The implementation of the above design now began and, as with any software project, numerous problems were encountered, especially when it came to the correct implementation of complex functionality such as Fourier transforms, pulse generation and the calculation of the return pulse. However, debugging was made simlpe due to the above mentioned loose coupling of the simulation engine and the functionality, which allowed for each simulation function to be tested independently of most other code modules.
After implementation and debugging, thorough and controlled testing began. Although all tests were passed, it was found that due to the representation of analogue waveforms using a finite number of finte precision elements, the resulting waveforms appeared severely quantised in phase and magnitude. This is a problem that cannot be alleviated completely due to the inherent digital computing platform; however a number of steps were taken to improve the results. First, the key mathematical formulas were rearranged so as to minimise the occurrences where very small numbers interact with very large numbers, thus improving result precision. With the same thought, the units of some parameters in the command file were changed so as to scale them down – for example from hertz to gigahertz – such that these small and large numbers were again minimised. The most important breakthrough was the computation of the return waveform’s in-phase and quadrature components AFTER the completion of the calculation of the final phase of the pulse, that is the initial phase of the pulse at some point plus the phase change due to range. Before, the initial pulse was separated into its two components and thus its phase was quantised. Onto this quantised phase, a quantised version of the phase change due to range was added. The collective result of thee quantisations had disastrous effects. The new method of quantising the phase after its final value had been calculated removed these additional quantisation layers and produced greatly improved results. Finally, this problem’s effects are further diminished when the number of sample points that make up all waveforms is increased, as ith any system where sampling is employed.

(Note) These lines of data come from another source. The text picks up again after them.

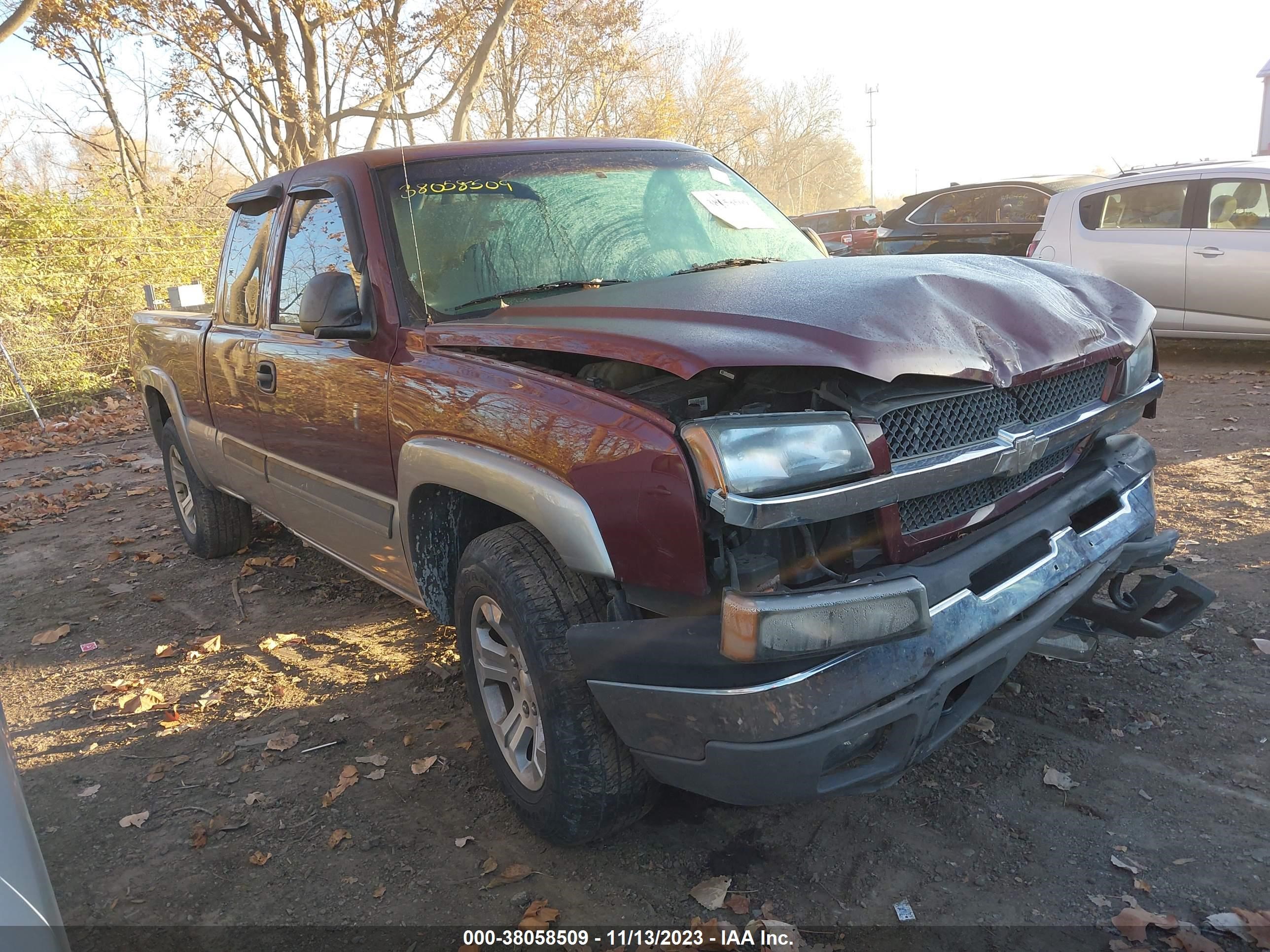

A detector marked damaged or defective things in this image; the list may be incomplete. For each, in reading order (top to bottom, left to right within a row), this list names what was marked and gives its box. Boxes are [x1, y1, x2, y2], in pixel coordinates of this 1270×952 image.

crumpled hood [424, 256, 1152, 388]
damaged chevrolet silverado [134, 140, 1215, 844]
broken headlight [678, 412, 880, 499]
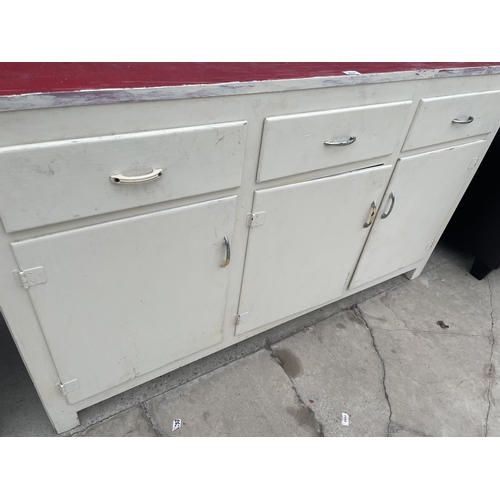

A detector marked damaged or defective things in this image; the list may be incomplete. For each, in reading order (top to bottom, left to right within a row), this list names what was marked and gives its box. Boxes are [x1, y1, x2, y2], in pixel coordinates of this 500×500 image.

cracked concrete [0, 240, 500, 436]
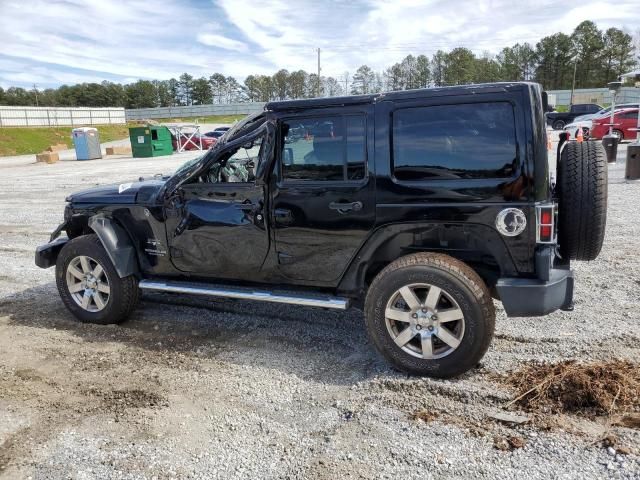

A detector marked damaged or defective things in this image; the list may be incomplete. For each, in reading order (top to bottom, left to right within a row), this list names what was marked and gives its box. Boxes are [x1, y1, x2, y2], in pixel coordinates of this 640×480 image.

crumpled hood [66, 178, 166, 204]
damaged black suv [35, 83, 604, 378]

After several months of the use of RadSim by other members of the RRSG and some minor bug fixes and adjustments, the software was deemed complete. It was concluded that all requirements have been met and that a working SAR simulator had been produced and that it could be used to simulate both ideal situation and real life situations reliably. The software has already been instrumental in a number of postgraduate theses and has helped a number of students to understand SAR.